Starting with the line that has "image for item" in the records below and ending with the line that has "SPANX Look at", output those lines exactly and nothing more; omit the pictures.

DATA TO PROCESS: Begin

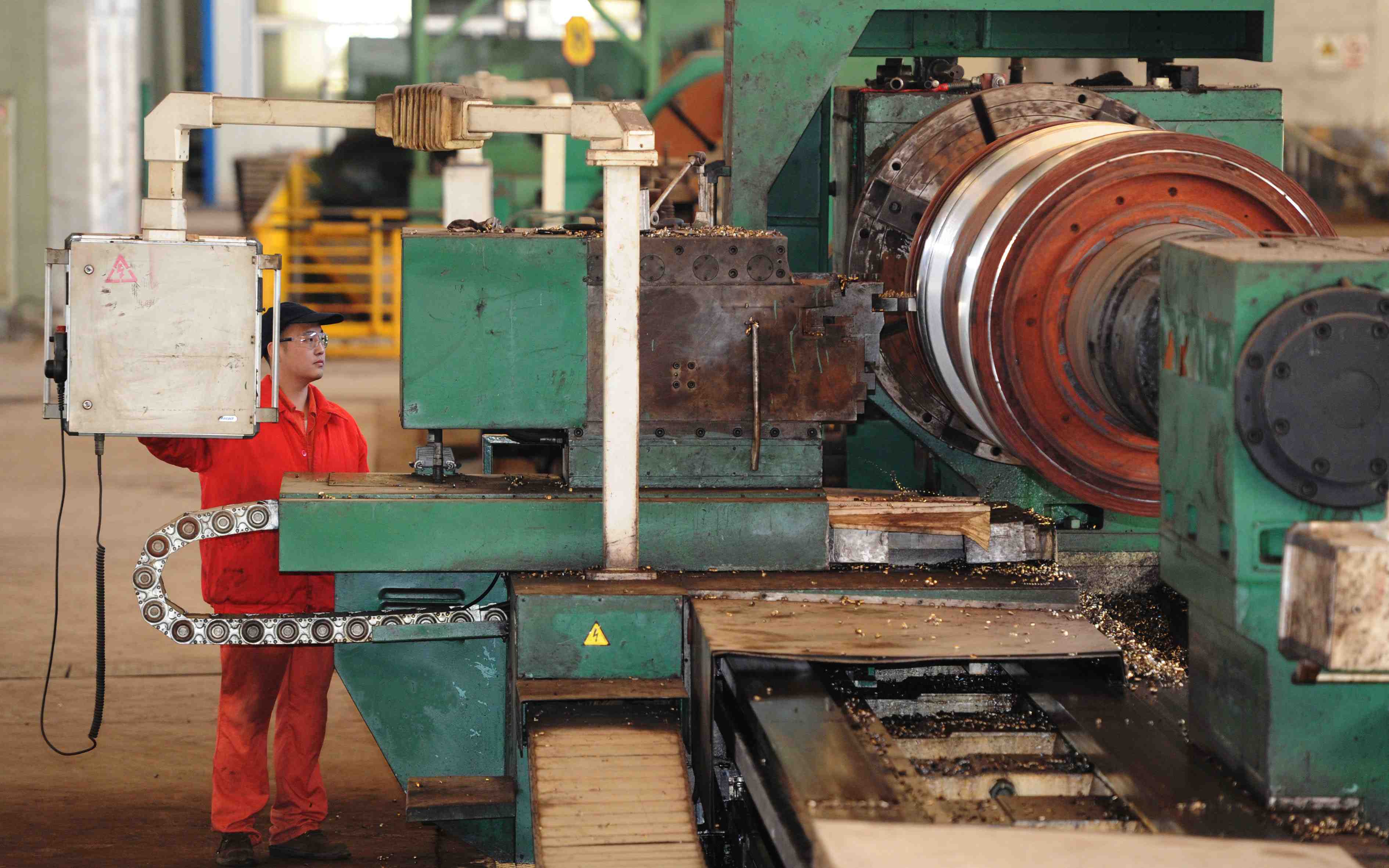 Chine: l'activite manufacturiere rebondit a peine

DATA TO PROCESS: End
DATA TO PROCESS: Begin

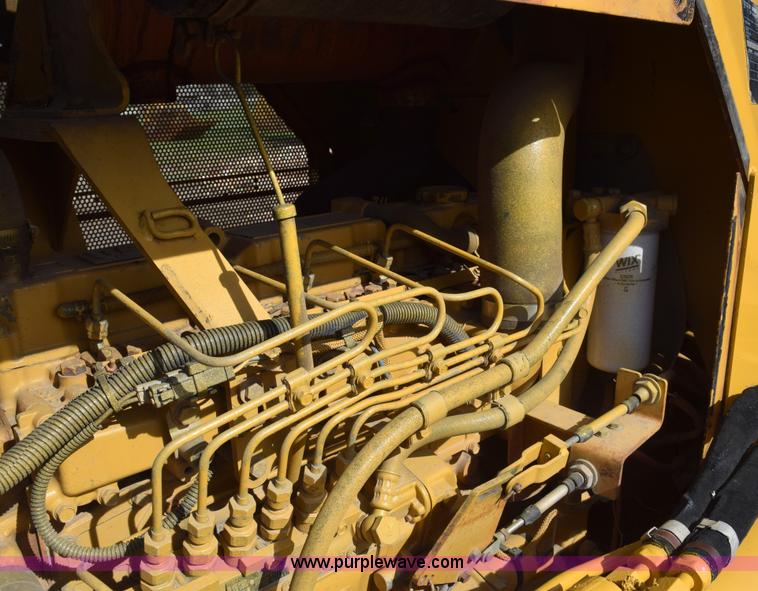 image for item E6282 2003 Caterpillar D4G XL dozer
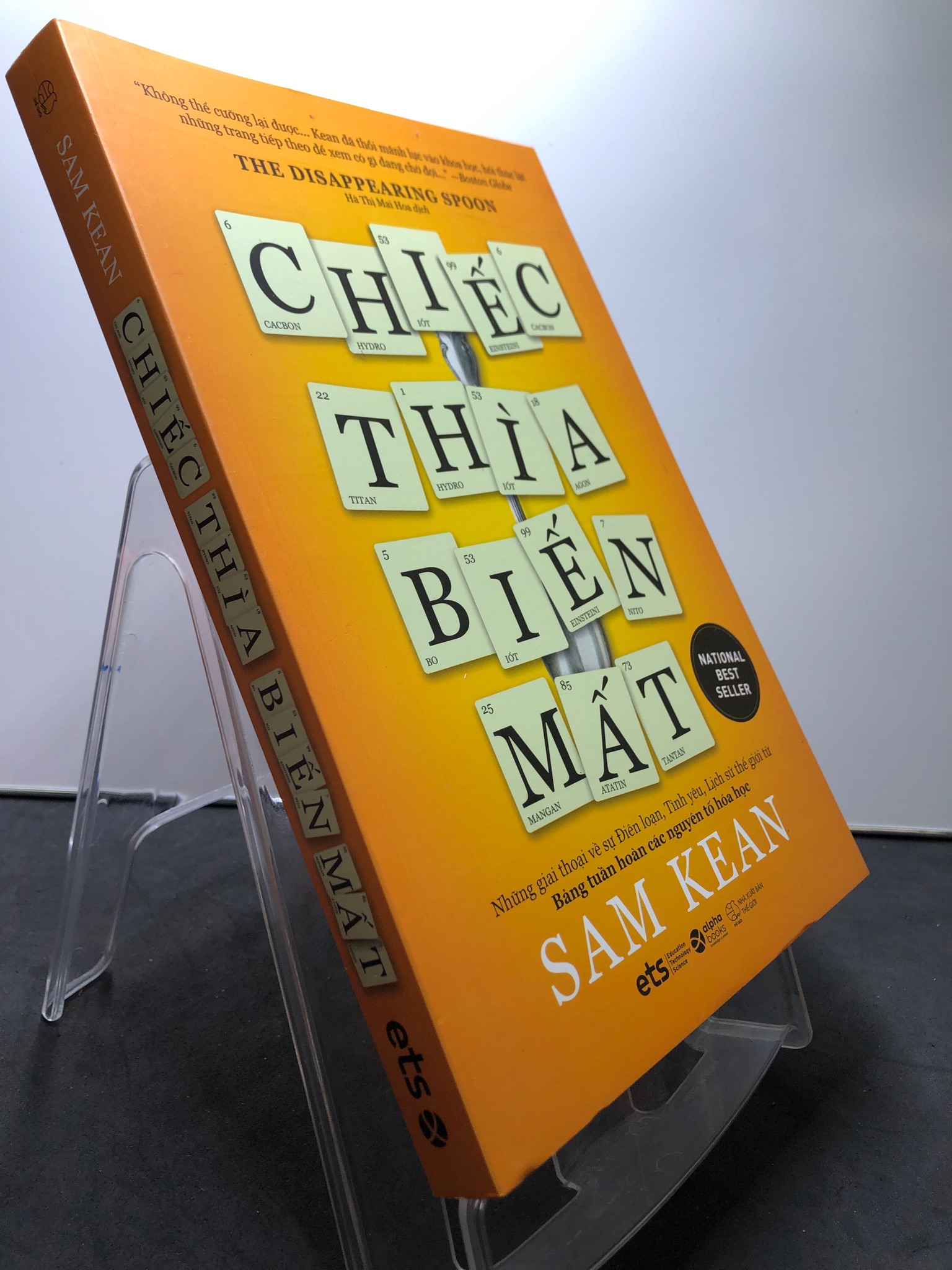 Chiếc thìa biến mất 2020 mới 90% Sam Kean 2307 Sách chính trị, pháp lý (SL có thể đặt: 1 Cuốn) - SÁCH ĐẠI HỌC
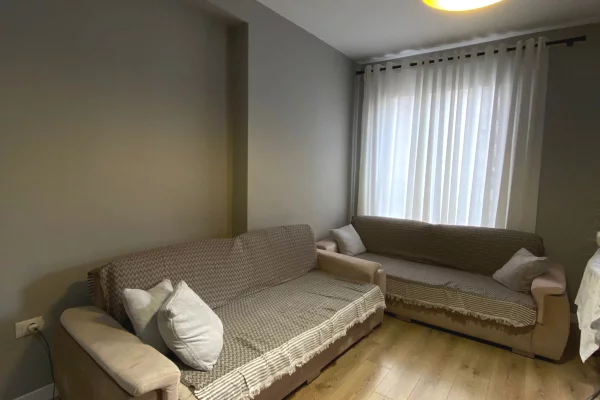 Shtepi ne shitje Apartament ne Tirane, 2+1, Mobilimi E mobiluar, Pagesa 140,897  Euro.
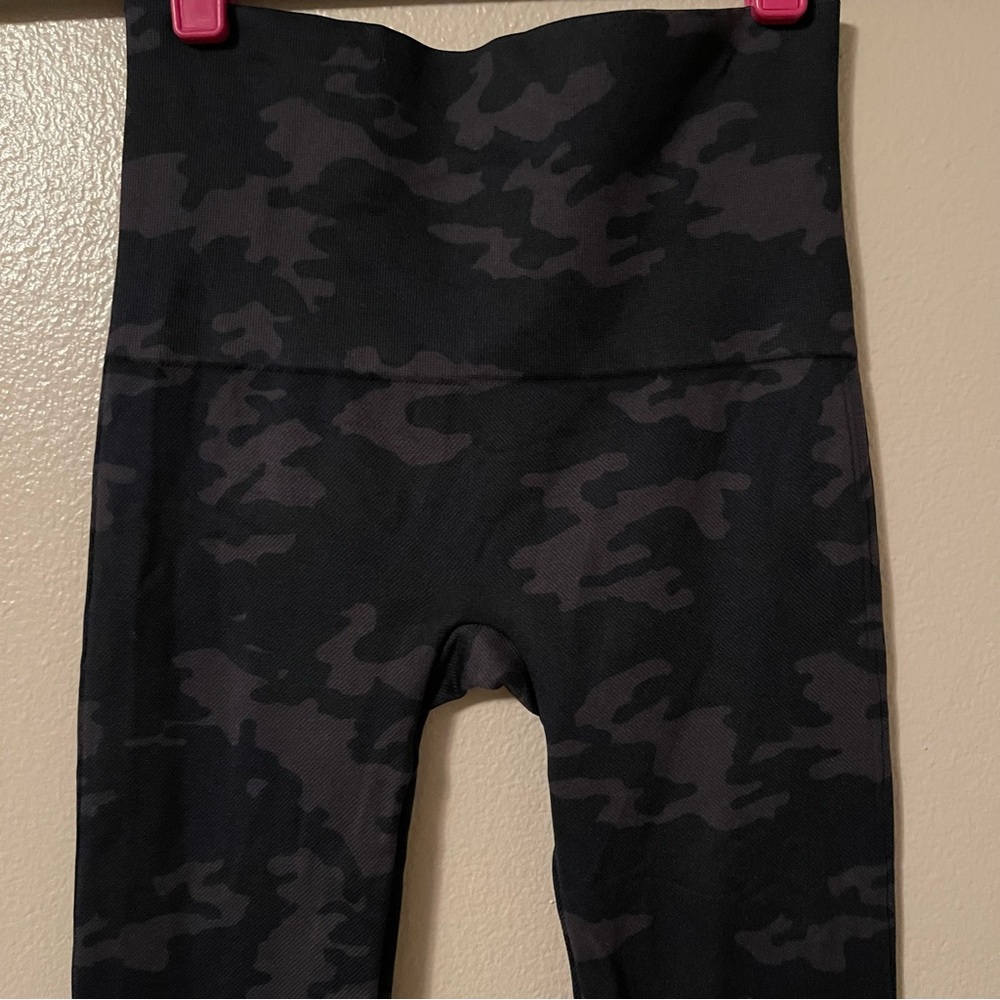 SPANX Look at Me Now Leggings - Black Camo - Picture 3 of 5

DATA TO PROCESS: End

• RESPONSE TO THIS EXERCISE:
 image for item E6282 2003 Caterpillar D4G XL dozer
 Chiếc thìa biến mất 2020 mới 90% Sam Kean 2307 Sách chính trị, pháp lý (SL có thể đặt: 1 Cuốn) - SÁCH ĐẠI HỌC
 Shtepi ne shitje Apartament ne Tirane, 2+1, Mobilimi E mobiluar, Pagesa 140,897  Euro.
 SPANX Look at Me Now Leggings - Black Camo - Picture 3 of 5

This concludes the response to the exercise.